### What to do
The part to set down runs from the first line of the data below through the line with "Levi’s 314 Shaping straight jeans", inclusive; write it exactly and leave out the pictures.

### Data in this exercise
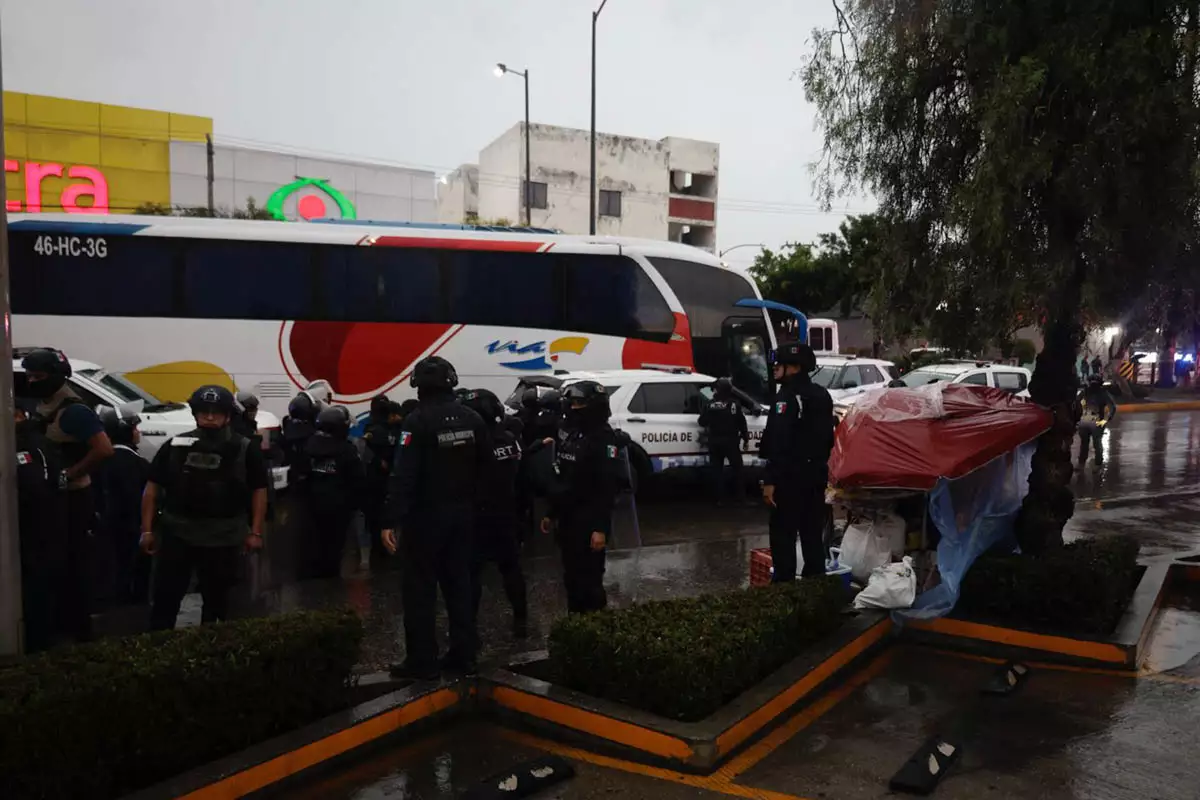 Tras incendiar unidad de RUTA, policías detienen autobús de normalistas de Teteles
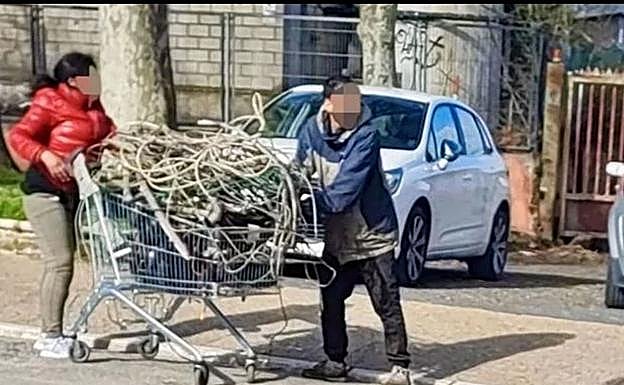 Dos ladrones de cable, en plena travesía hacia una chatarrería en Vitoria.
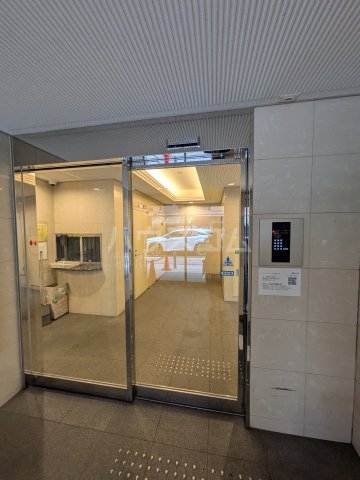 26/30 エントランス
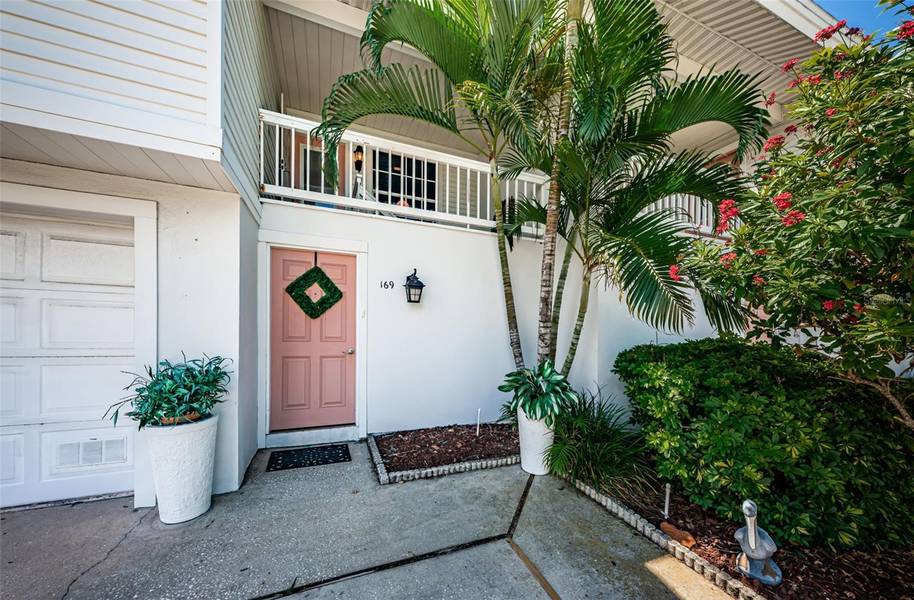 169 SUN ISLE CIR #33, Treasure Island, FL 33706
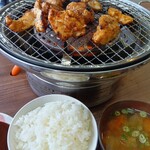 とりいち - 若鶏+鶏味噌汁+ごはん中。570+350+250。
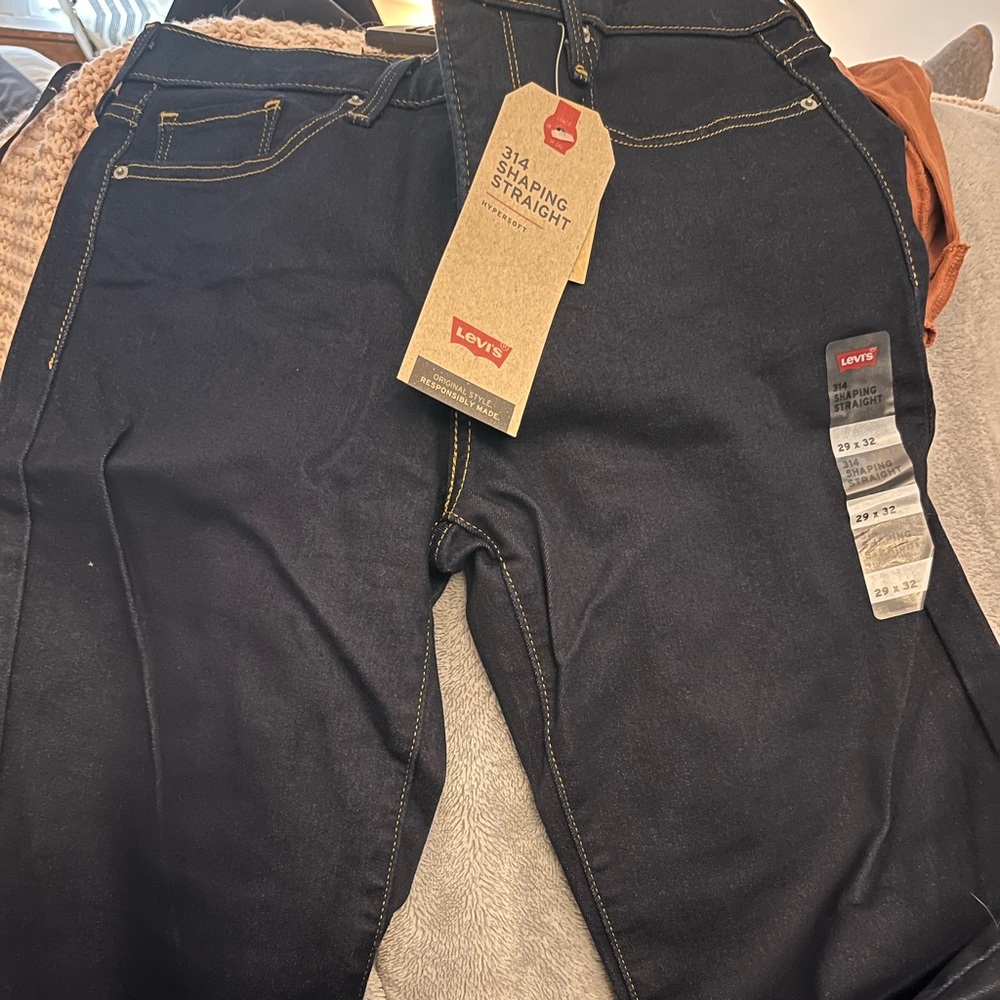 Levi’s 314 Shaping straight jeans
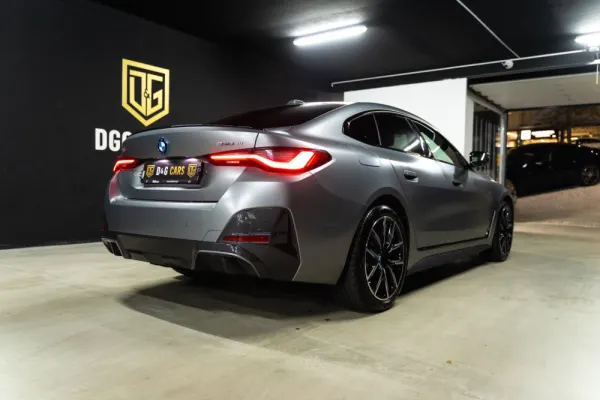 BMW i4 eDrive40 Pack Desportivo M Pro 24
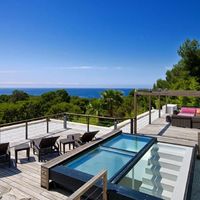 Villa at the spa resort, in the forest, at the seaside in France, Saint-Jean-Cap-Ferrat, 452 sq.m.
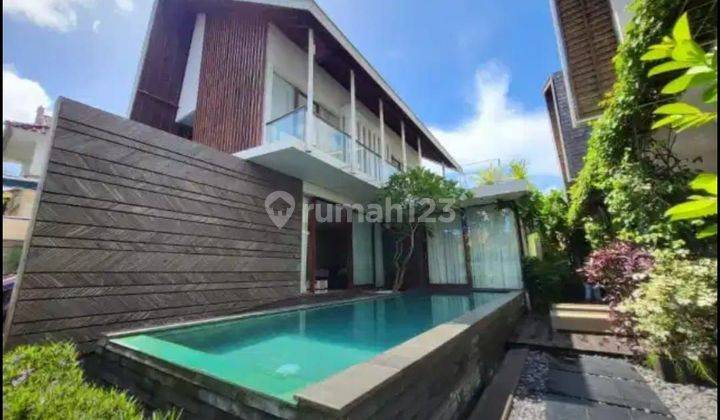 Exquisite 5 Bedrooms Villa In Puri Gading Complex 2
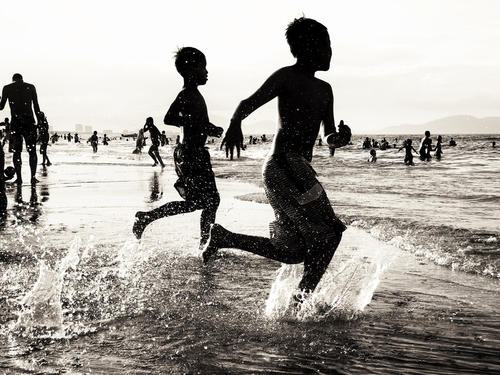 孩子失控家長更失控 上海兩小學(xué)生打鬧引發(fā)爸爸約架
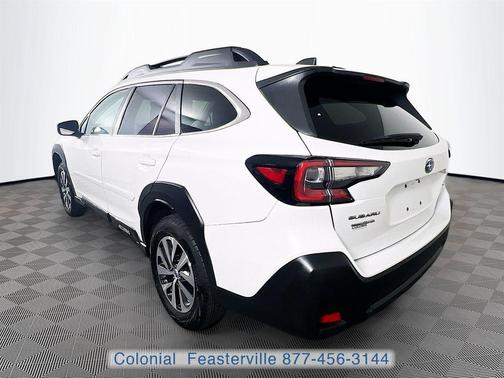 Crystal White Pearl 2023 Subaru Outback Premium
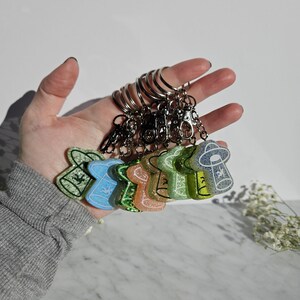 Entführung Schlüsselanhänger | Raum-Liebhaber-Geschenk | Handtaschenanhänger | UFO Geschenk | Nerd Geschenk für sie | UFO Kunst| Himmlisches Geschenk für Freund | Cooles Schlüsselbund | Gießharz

### Solution
 Tras incendiar unidad de RUTA, policías detienen autobús de normalistas de Teteles
 Dos ladrones de cable, en plena travesía hacia una chatarrería en Vitoria.
 26/30 エントランス
 169 SUN ISLE CIR #33, Treasure Island, FL 33706
 とりいち - 若鶏+鶏味噌汁+ごはん中。570+350+250。
 Levi’s 314 Shaping straight jeans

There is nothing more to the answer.